Fig. 4. Molecular and clinical associations of SGMs with tobacco smoking and APOBEC activity.

Fig. 4.

(A) Mutational burden of SGMs of SBS4, SBS13, and SBS18 in cancer genomes. Bar plots show SGM burden for these signatures in primary (TCGA) and metastatic cancers (HMF). Mean numbers of SGMs per cancer genome with ±95% CI are shown above the bars. (B) SBS4 and SBS13 SGMs are enriched in the molecular subtypes of lung and breast cancer. Expected total SGM counts with 95% CI are shown as points and whiskers. Sample sizes are shown on the x axis. Lung cancer subtypes include small cell (SC), non–small cell (NSC), adenocarcinoma (LUAD), and squamous cell carcinoma (LUSC). (C) SBS4 SGMs associate with the smoking history of patients with lung cancer in TCGA. Top: Box plots show the number of SBS4 SGMs (left) and Glu>Stop substitutions per cancer genome in patients grouped by smoking history (right), with sample sizes for each group shown in the x-axis labels.
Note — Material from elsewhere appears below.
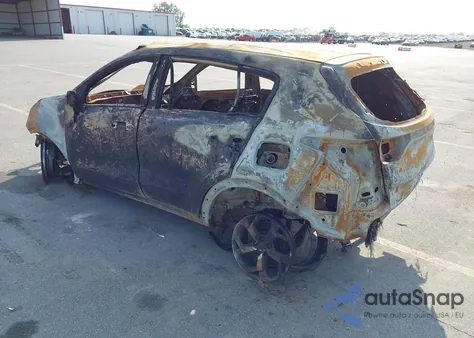 2022 Kia Sportage Lx z USA, uszkodzony, nr VIN KNDPM3AC9N7957125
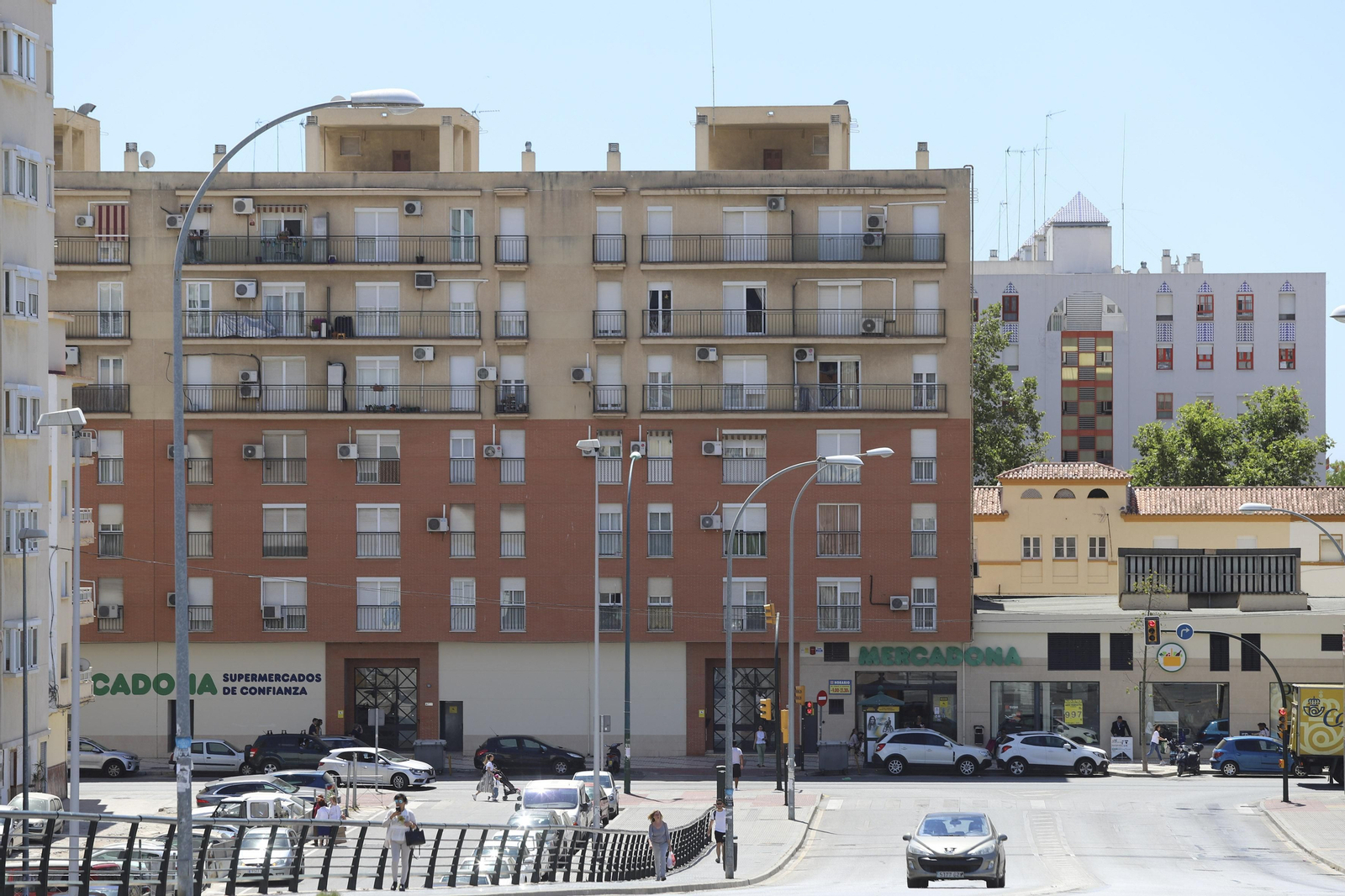 Las fotos del distrito Cruz del Humilladero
Bottom: Tile plot shows the statistical significance of the associations of smoking history and SGM burden (Wilcoxon rank sum test, FDR-adjusted). (D) SBS13 SGMs in breast and head and neck cancers are enriched in the DNA motif YTCA compared to other non-SGM SBS13 mutations (right). Fisher’s exact P values are shown. (E) APOBEC3 gene expression in breast cancer associates with more frequent SBS13 SGMs. TCGA breast cancer samples were compared using median dichotomization of each APOBEC3 gene (i.e., high versus low). FDR-adjusted P values of Wilcoxon rank sum tests are shown. (F) Breast cancer cell line clones with APOBEC3A knockout show a significantly reduced SBS13 SGM burden compared to APOBEC3A-WT clones, while no significant changes are seen in cells with APOBEC3B knockout. WGS data were retrieved from (43). P values were computed using negative binomial regression. n.s., not significant.